Bush, Outkast Declare War on Iraq

The entire world finds itself divided over the current war between the United States and Iraq. One cannot help but to wonder why this fruitless bloodshed has come to be. Some blame Imperialistic motives concerning oil. This motive is easily proved incorrect though. Primarily because the Iraqis have no need for American oil. Besides, the United States doesn't even have that much oil to begin with, so why wouldn't Iraq attempt to war with a more oil rich nation, such as Saudi Arabia?

Instead, the blame for this entire conflict should be laid squarely at the feet of Outkast and their war cry of a song, 'Bombs Over Baghdad." Just months ago, we lived in a world where there was absolutely no notion of a possible war with Iraq. That is, not until one group's jingle of bloody violence and rhythmic beats planted the idea of an Iraqi war in our President's head. Mr. Bush can not be blamed for his musical tastes, nor can he be blamed for the actions those tastes may lead him to take. Let's face it: he can't be blamed or credited with most of his decisions.

Fact: Before the song's release, there was no serious violence in any Mid East nation. Fact: Before the war started, Iraq reported a 0% violence rating. Now, explosions and gunfire are common ground on the platinum-lined streets of Iraq. Coincidence? I think not.

When asked to defend their actions, the authors of this song feebly attempted to dodge their responsibilities for the bloodshed with claims of 'that war we fought with them ten years ago" and 'the fact that their leader is an evil bastard." As of the printing of this publication, no evidence was found to support such outrageous claims. There has been absolutely no congressional declaration of war since War World II. Therefore, the United States has not been involved in any wars since that conflict. Also, Outkast's unfair allegation of Mr. Hussein's illegitimacy has yet to be proven.

Apparently, Outkast isn't interested in the facts. Who can blame them, when it makes for such great record sales? Hasn't anyone noticed that every news report is immediately followed by a promotion for "Bombs Over Baghdad." I even caught Dan Rather personally endorse this "completely righteous tune" once. He even went on to add that "it'll make ya boogy all the way back to Gran Pappy's chestnut farm like a gopher on a hot plate."

Additionally, American intelligence agencies were completely unaware that the city of Baghdad even existed until this geographically savvy musical group unleashed its wrath on the unsuspecting Iraqi regime. An independent survey taken four years before this war started shockingly revealed that 98% of Americans had 'no idea what a Baghdad is, nor should we go to war with it, should it be a Mid-East capital city run by a viciously mustached dictator."

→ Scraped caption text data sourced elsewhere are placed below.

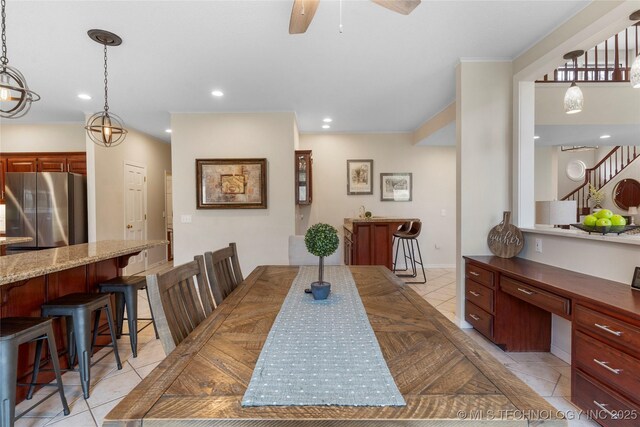 dining space featuring light tile patterned flooring, recessed lighting, a ceiling fan, stairway, and built in desk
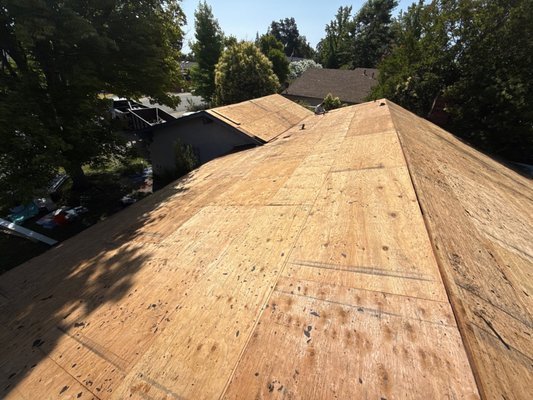 Full Re-roof with Flat Roof Component - At this property, two roof planes intersected without a proper slope or valley, resulting in chronic water pooling and an increased risk of leaks. To resolve the issue, our team fabricated and installed a custom cricket to redirect water away from the flat intersection point. We then applied a fully adhered TPO membrane over the area, providing a watertight, durable surface with enhanced drainage. This upgrade not only improves long-term performance but also protects the structural integrity of the roof. Full Re-roof with Flat Roof Component - At this property, two roof planes intersected without a proper slope or valley, resulting in chronic water pooling and an increased risk of leaks. To resolve the issue, our team fabricated and installed a custom cricket to redirect water away from the flat intersection point. We then applied a fully adhered TPO membrane over the area, providing a watertight, durable surface with enhanced drainage. This upgrade not only improves long-term performance but also protects the structural integrity of the roof.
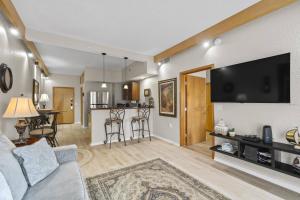 a living room with a couch and a flat screen tv at 301 Tuscan Breeze Getaway | Palm Coast in Palm Coast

Finally we have conclusive evidence that music, movies and video games are the sole cause all societal problems. For years, the music and movie industries have served to inspire violence, general chaos and now war. Here are some previous offenses by the bloodthirsty entertainment industry:

  1. In his 1989 song, Billy Joel claims he didn't start the fire. Why the guilty conscience, Mr. Joel? No one has accused you of anything... yet. Although Billy Joel's guilt of arson is as yet undecided, he is clearly responsible for igniting a wave of pyromania that has engulfed a generation, simply by mentioning the word 'fire' in his song.
  2. In 1986, an unknown filmmaker by the name of John Hughes told us the tale of a crafty teenager who manipulates family, friends and foes so that he can play hooky from school and engage in zany antics and a wild adventure. The name of this film: Ferris Bueller's Day Off. As a direct result of this film, thousands of high school students began skipping school without proper medical justification, though few had the honor of lip-syncing a Wayne Newton song in a Chicago day parade. As a matter of fact, the majority of Hollywood inspired truants ended up unsuccessfully scanning daytime TV for hours in a vain search for a program that could provide some amount of mental stimulation. Still, Mr. Hughes and his spiteful apprentice (an unknown actor named Matthew Broderick who has rightfully been unemployed since this wicked film) gave teenagers, one of the most loyal and least rebellious age groups, the idea to skip a day of high school. Shame on you both.

The question we must ask ourselves is how many battles will we let be fought and lost at the whim of the entertainment industry? It's time to take control of our country back. It is not up to the musicians, directors or mimes to decide which battles to fight, nor which international capitals to send bombs over, sideways or under, on a magic carpet ride. Sorry, don't even get me started on the mind control of Disney songs.